LEGEND: After Spontaneously Attending Marshall Track Practice, Randy Moss Won Two Conference Titles And Then "Kind Of Disappeared"

Robert Laberge. Getty Images.

[The Athletic]

"Mark Gochenour felt pretty good about himself. The top sprinter on Marshall’s men’s track and field team, Gochenour long had his eyes on the Southern Conference championship. Spring 1997 was set to be his time. The conference championship was the team’s last indoor meet.

With one week left, a football player appeared at practice.

[…] On Monday, coaches showed [Randy Moss] some drills and proper techniques for the starting blocks. Gochenour could see Moss had the explosiveness. On Wednesday, Small told Moss the bus to Johnson City, Tenn., would leave at 8 a.m.

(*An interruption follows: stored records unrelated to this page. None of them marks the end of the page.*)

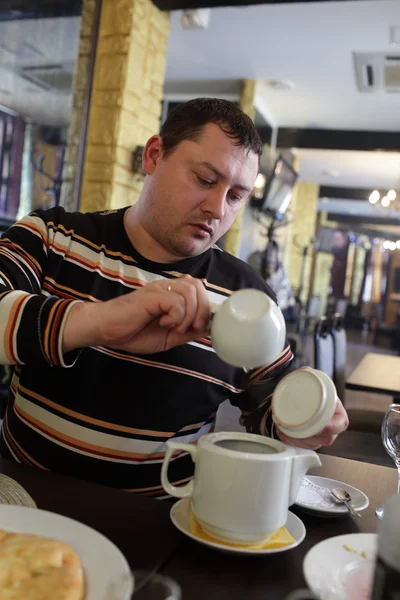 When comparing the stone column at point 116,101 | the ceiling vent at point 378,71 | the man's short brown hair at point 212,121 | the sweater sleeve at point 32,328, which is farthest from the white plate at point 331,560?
the ceiling vent at point 378,71

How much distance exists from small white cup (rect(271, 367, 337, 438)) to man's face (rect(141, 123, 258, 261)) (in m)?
0.46

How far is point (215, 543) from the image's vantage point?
2.26 feet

Thursday. If he didn’t show up, the bus would leave without him.

At 7:55 a.m. Thursday, Moss came around the corner. Small celebrated. Everyone in the conference knew he was coming, which brought a greater sense of anticipation and attention to the event.

'It felt like we were traveling with Michael Jordan,' Small says.

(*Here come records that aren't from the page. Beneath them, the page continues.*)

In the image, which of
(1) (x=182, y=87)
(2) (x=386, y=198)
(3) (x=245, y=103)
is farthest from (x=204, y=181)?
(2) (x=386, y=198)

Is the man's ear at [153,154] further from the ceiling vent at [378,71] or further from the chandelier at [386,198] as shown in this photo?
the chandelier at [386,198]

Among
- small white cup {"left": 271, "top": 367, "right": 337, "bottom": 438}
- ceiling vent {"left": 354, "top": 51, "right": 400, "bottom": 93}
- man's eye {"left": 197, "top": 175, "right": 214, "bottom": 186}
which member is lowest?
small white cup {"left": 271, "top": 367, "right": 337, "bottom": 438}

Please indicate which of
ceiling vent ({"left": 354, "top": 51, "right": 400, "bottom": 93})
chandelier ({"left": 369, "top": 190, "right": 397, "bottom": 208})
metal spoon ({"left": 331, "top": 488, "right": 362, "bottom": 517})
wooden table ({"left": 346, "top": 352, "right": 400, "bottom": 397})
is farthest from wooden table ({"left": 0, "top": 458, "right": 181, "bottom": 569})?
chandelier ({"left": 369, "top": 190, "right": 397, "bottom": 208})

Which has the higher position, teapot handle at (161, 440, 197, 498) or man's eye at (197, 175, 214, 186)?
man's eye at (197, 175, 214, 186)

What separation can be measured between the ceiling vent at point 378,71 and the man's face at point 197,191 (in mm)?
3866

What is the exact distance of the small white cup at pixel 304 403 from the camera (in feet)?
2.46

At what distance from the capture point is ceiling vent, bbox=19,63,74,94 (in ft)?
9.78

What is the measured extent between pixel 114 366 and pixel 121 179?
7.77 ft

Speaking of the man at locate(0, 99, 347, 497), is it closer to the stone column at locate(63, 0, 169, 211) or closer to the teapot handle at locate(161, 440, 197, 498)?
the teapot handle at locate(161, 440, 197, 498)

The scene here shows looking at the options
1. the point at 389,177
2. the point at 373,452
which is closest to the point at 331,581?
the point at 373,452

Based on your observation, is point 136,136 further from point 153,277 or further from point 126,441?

Moss showed up, lined up and did exactly what he did on the football field: He won. After qualifying in two preliminary runs, Moss won conference championships in the 55-meters at 6.32 seconds and the 200-meters at 21.15 seconds, the latter of which was just 0.02 seconds away from the conference record.

"[…] With his time, Moss qualified for the NCAA championships, but he didn’t go. He raced his race and he was done.

'We were going to bring him to Atlanta, but he kind of disappeared,' Small says."


Randy Moss was nicknamed "The Freak" for good reason. In a feature that just resurfaced from last year, about a quarter century after he arrived on Marshall's campus and shocked the world with his talents on the gridiron, a fascinating subplot to his time with the Thundering Herd emerged. I know this feature is a little dated and not sure if this is old news to some elder sports followers. If so, forgive my ignorance of obscure collegiate track and field in the late 90s. I was pretty young and only had a soft awareness of Moss' prowess as a football player.

I think many of us who follow the NFL have become familiar with Moss' story over the years. An altercation prior to attending college saw him lose out on the chance to play at Notre Dame. Then, more off-field issues caused him to transfer from Florida State to Marshall, where he had one more opportunity to (pun intended here) get on track. Let's just say he took full advantage. Moss had 174 receptions, 3,529 yards and 54 TDs in his two seasons with the Thundering Herd before making the leap to the NFL, where he proceeded to become one of the best wide receivers ever. He ranks fourth all-time in receiving yards and second in TD grabs behind only Jerry Rice. Not bad company to keep. 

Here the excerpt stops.